## MATERIAL SHOWN

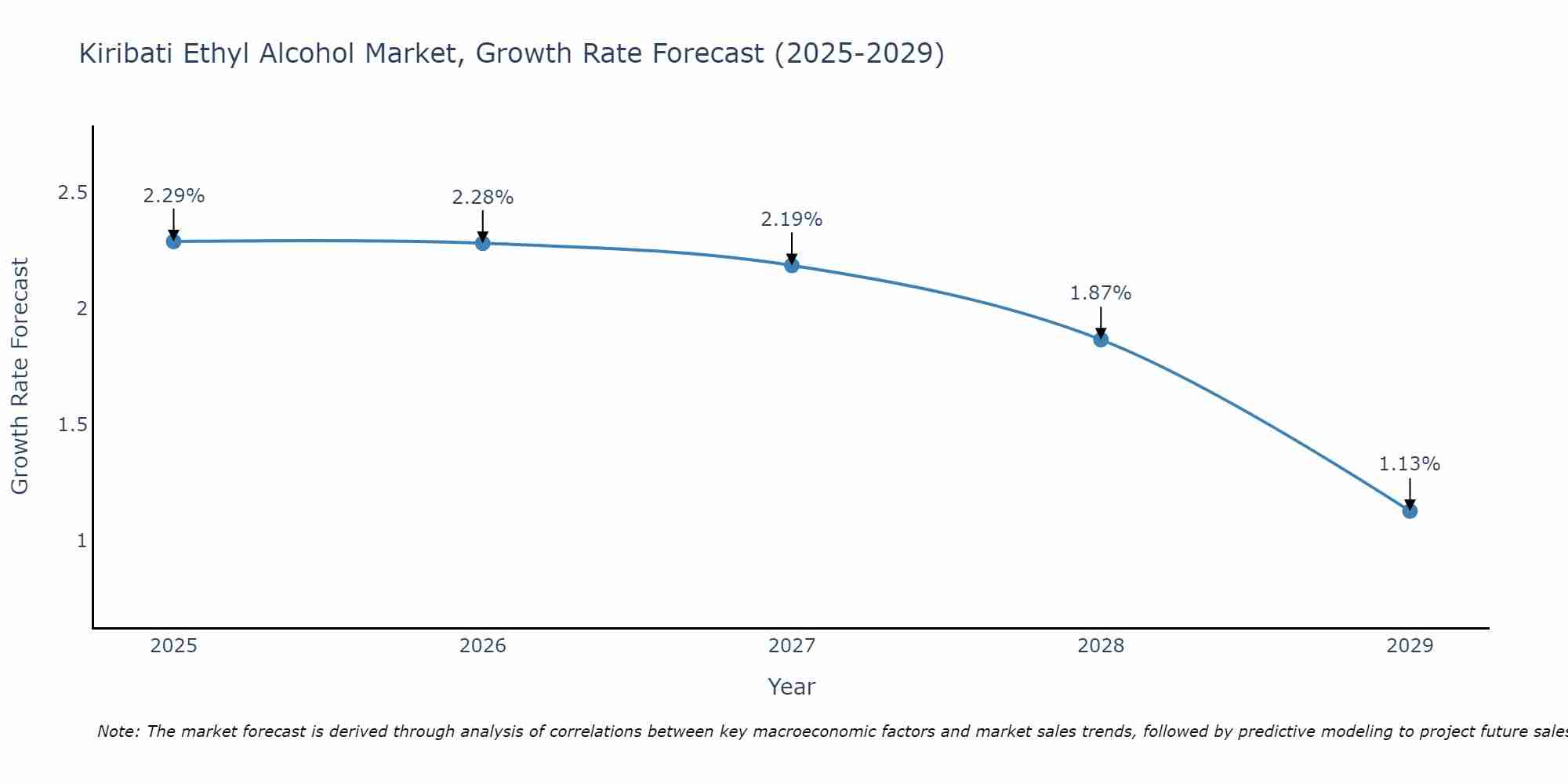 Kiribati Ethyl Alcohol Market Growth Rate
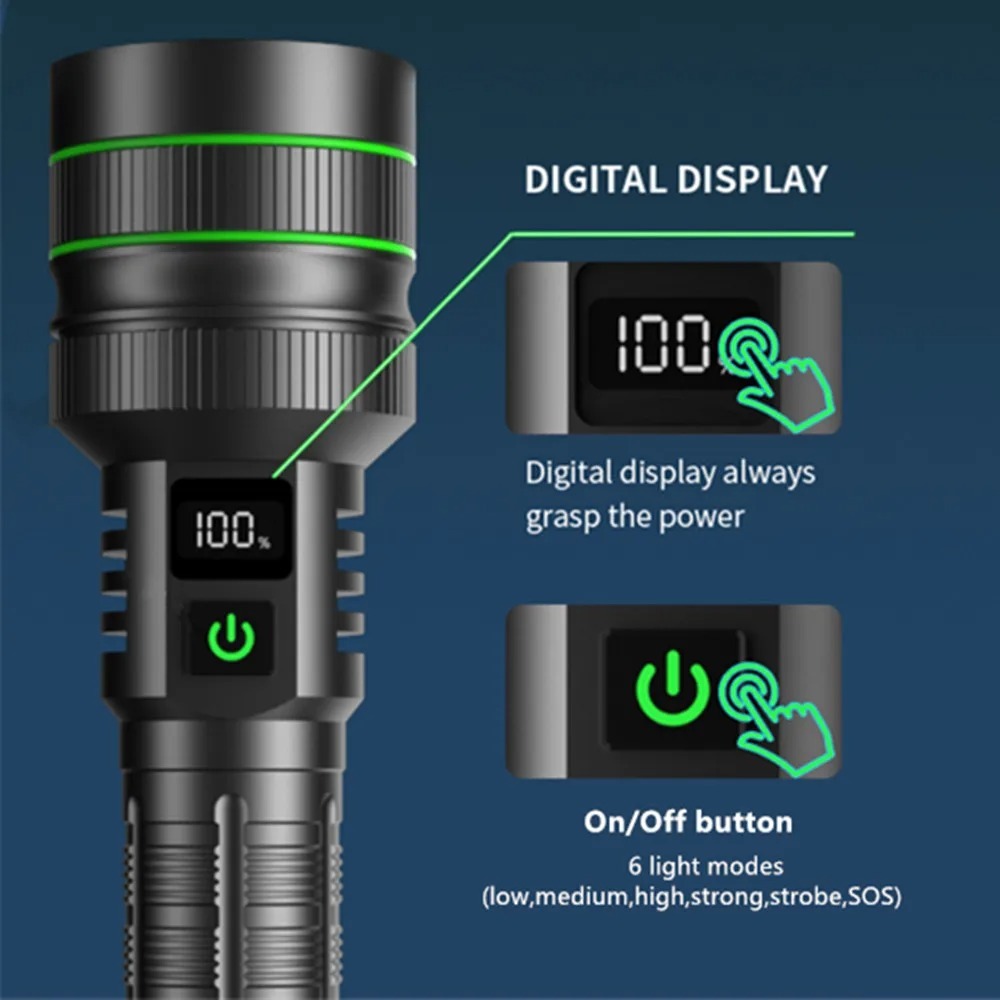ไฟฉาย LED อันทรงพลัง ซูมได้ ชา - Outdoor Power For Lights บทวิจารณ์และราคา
* * *
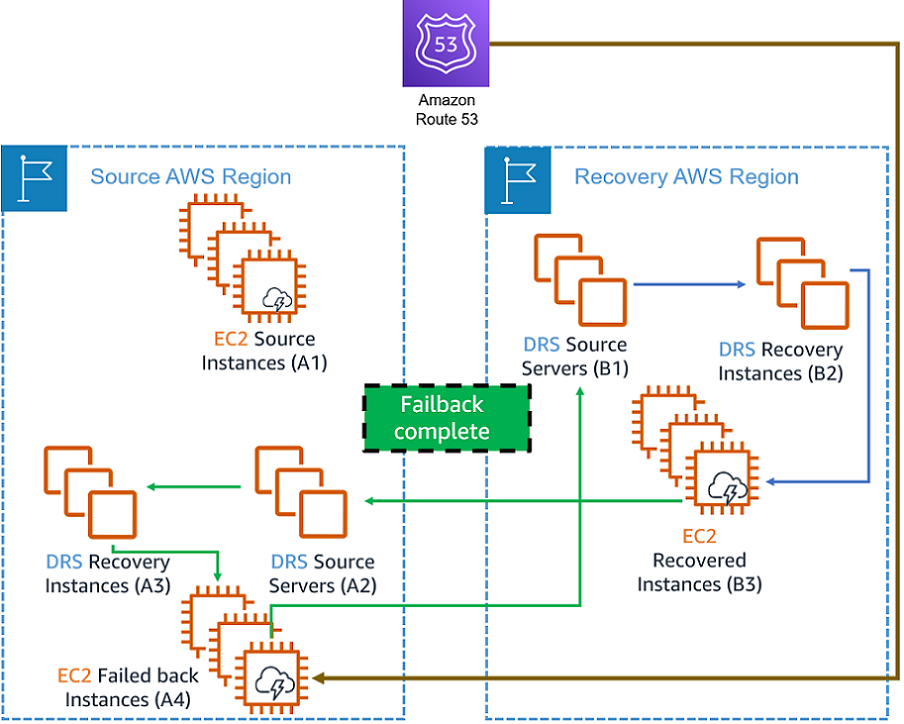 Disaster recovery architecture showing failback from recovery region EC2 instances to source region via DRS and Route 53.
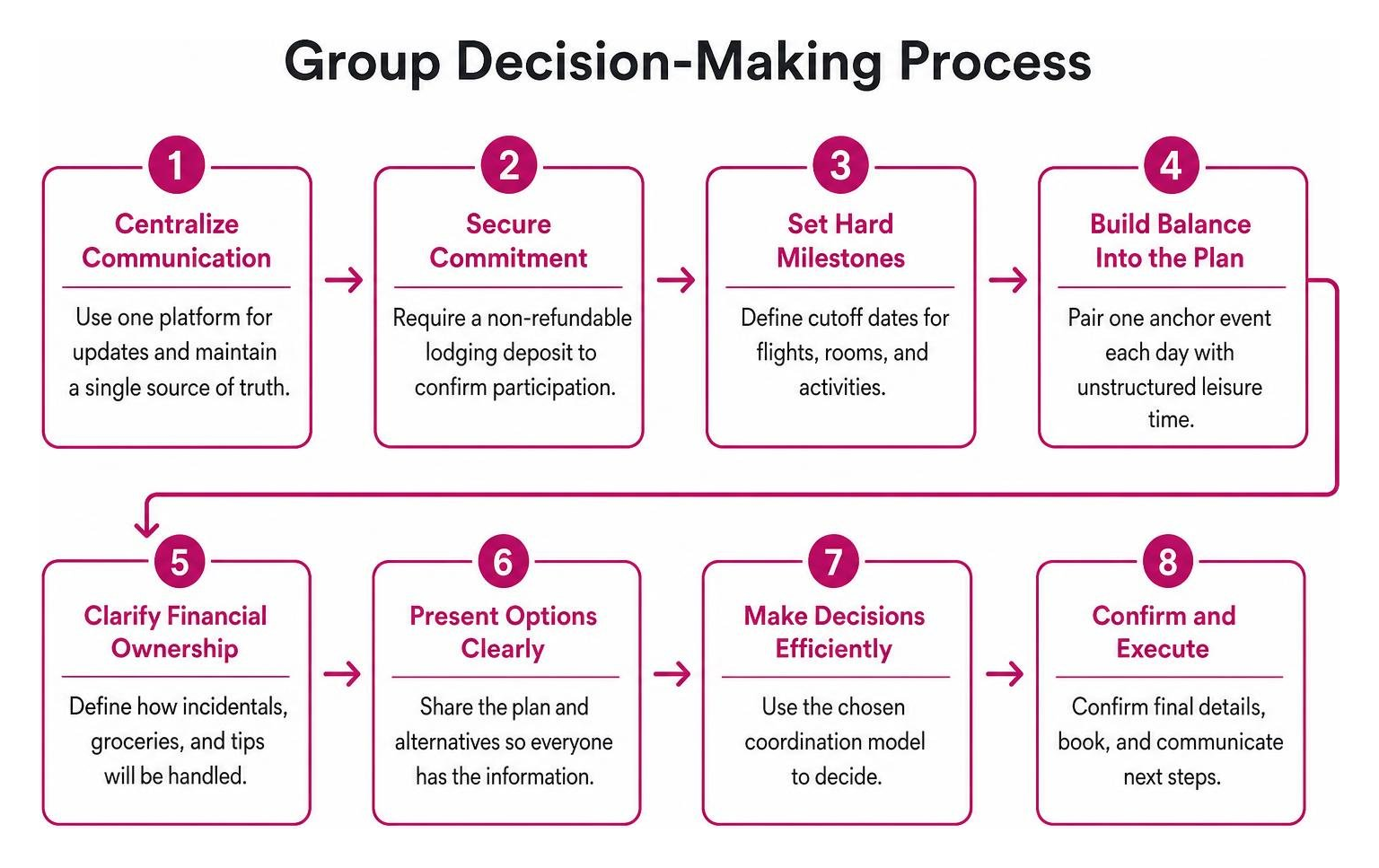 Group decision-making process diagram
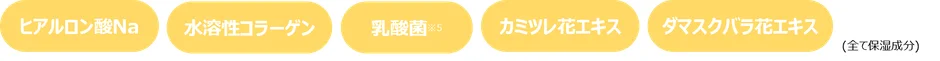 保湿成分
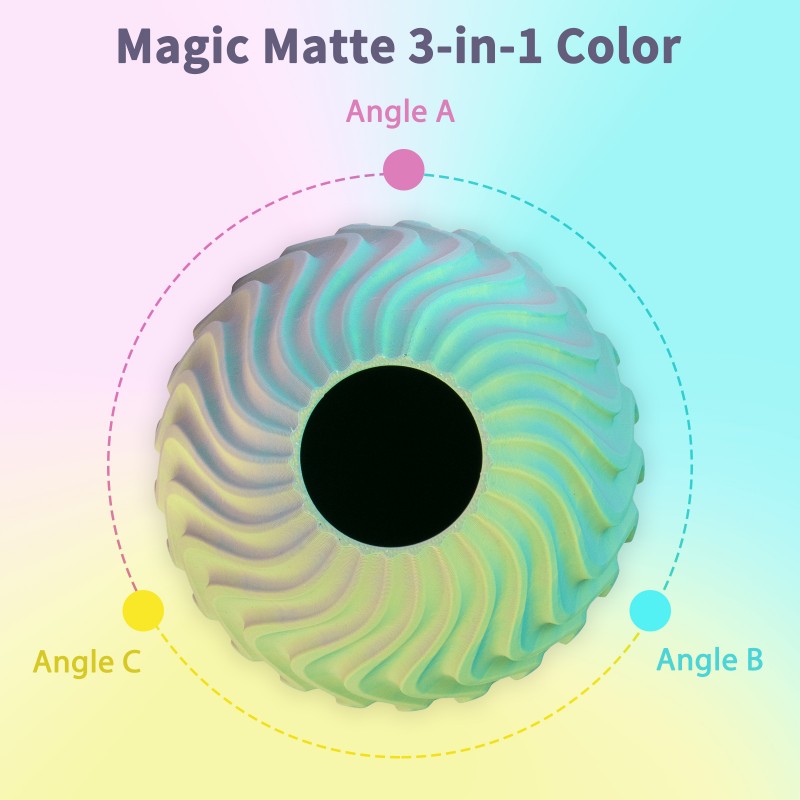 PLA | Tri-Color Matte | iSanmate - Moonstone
* * *
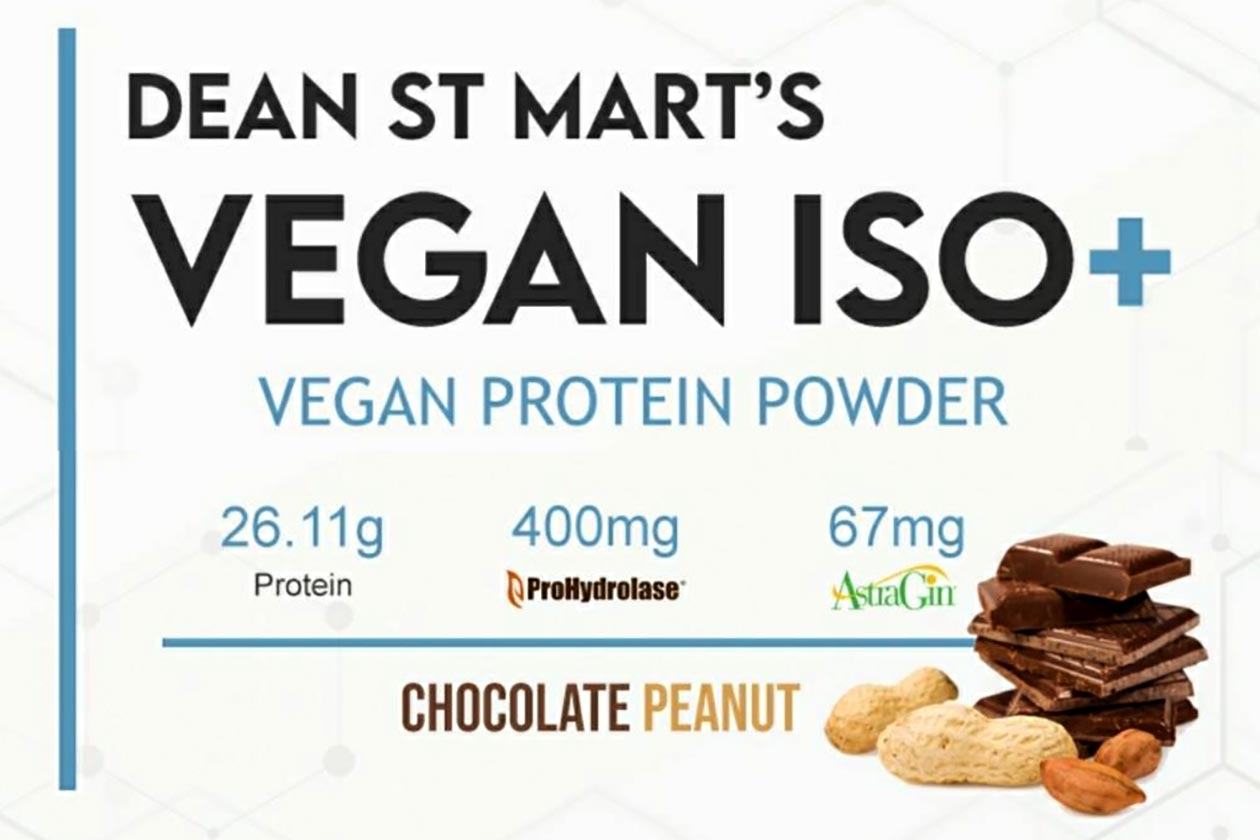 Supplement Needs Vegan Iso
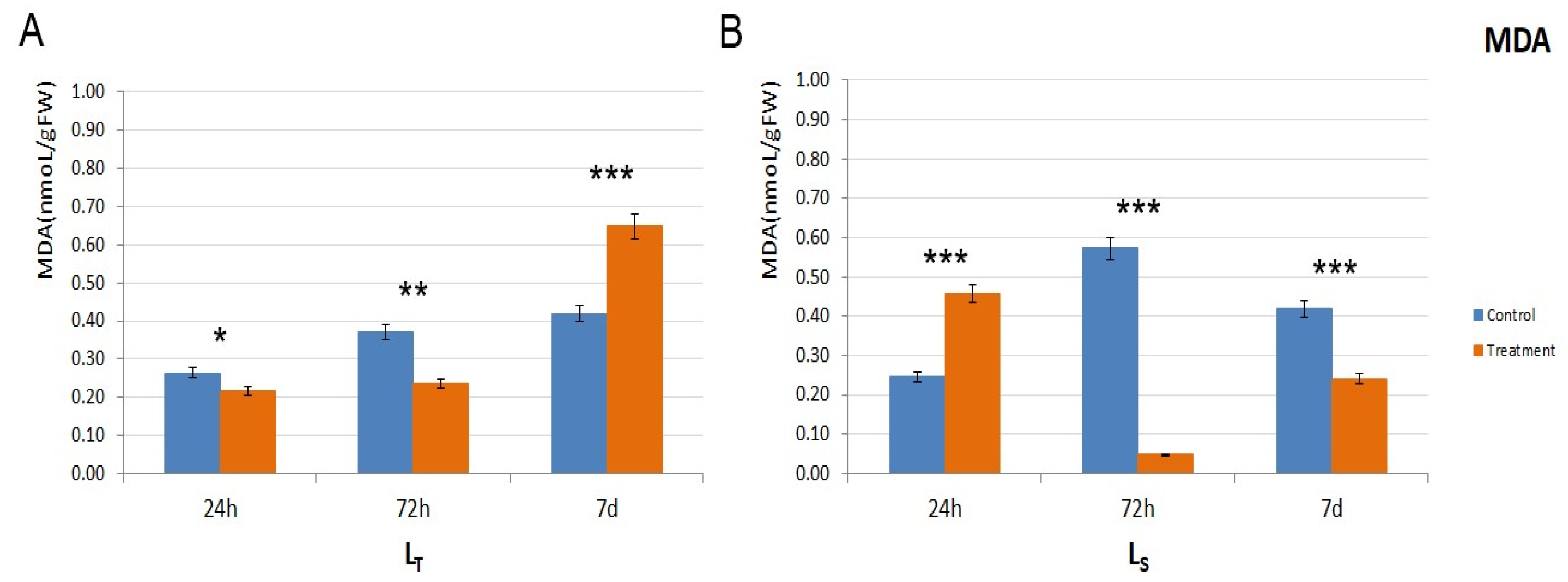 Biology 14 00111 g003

## TASK PROMPT
Working from the data above, repeat exactly, and only, the lines that begin at the line containing "Kiribati Ethyl Alcohol Market Growth Rate" and stop after the line containing "ไฟฉาย LED อันทรงพลัง"; pictures are not copied.

## OUTPUT OF THE TASK
 Kiribati Ethyl Alcohol Market Growth Rate
ไฟฉาย LED อันทรงพลัง ซูมได้ ชา - Outdoor Power For Lights บทวิจารณ์และราคา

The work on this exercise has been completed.